Main: python VarSCAT.py -h
VarSCAT: Variant Sequence Context Annotation Tool (v1.1.0)
Help main:
-A,--Adjacent: adjacent sequence annotation module.
-T,--TR: tandem repeat annotation module.
-h,--help: help page. (-h, -A -h, -T -h)
Two modules can be used together or separate.
If two modules are used together, the commom parameters '--vcf','--reference','--location','--bed','--based' and '--output' should be only announced once. Results of two modules will be merged in one file. If no module is given, the output will be normalized variant list in txt format.

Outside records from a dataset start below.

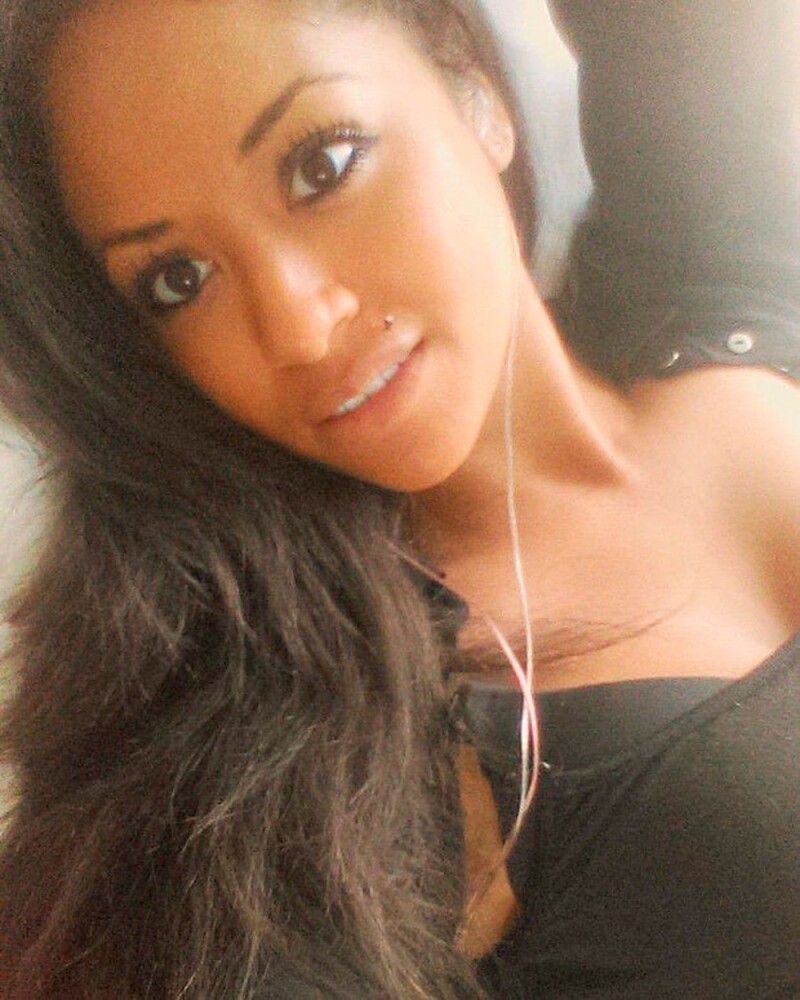 Valerie Fairman de '16 & Pregnant'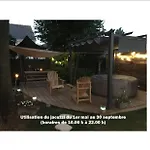 Le Du Frene 度假居 Poses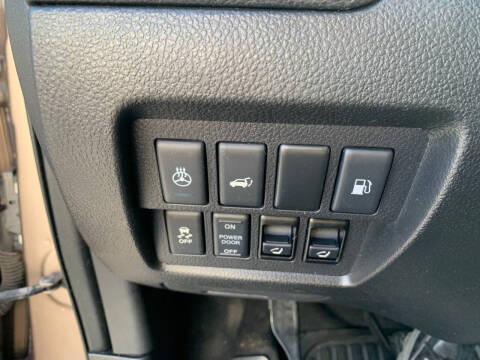 2012 Nissan Murano SL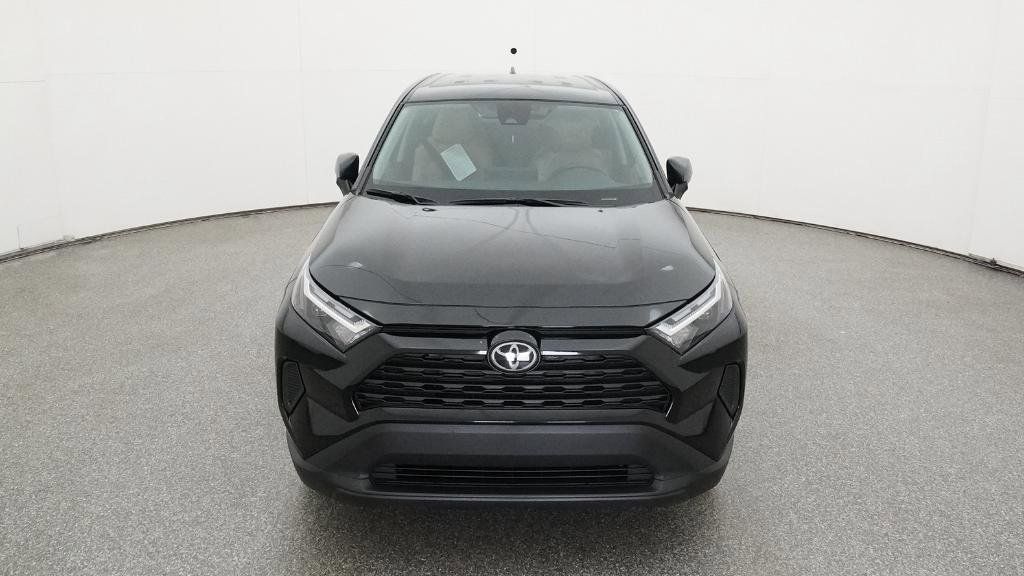 Thumbnail: 2025 Toyota RAV4 - 3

Adjacent Sequence annotation module: python VarSCAT.py -A -h
Adjacent Sequence Annotation Module:
Required parameters:
--vcf: input VCF file. (The VCF file should be indexed if "--location" or "--bed" is activated, a tbi file of the VCF is required)
--reference: input reference sequencing file. (The reference sequence should be indexed, a fai file is required)
--based: 0-based or 1-based reference coordination. (default:1)
--output: prefix of output file.
Optional parameters:
--location: a genome location needs to be parsed. (format chrx:xxxx-xxxx)
--bed: a bed file contains genome locations need to be parsed.("choromosome", "start", "end" are required)
--LRP: output the 5' aligned (left-most) and 3' aligned (right most) coordinates and 3' edge positions of variants. (default=0, 0:false,1:true)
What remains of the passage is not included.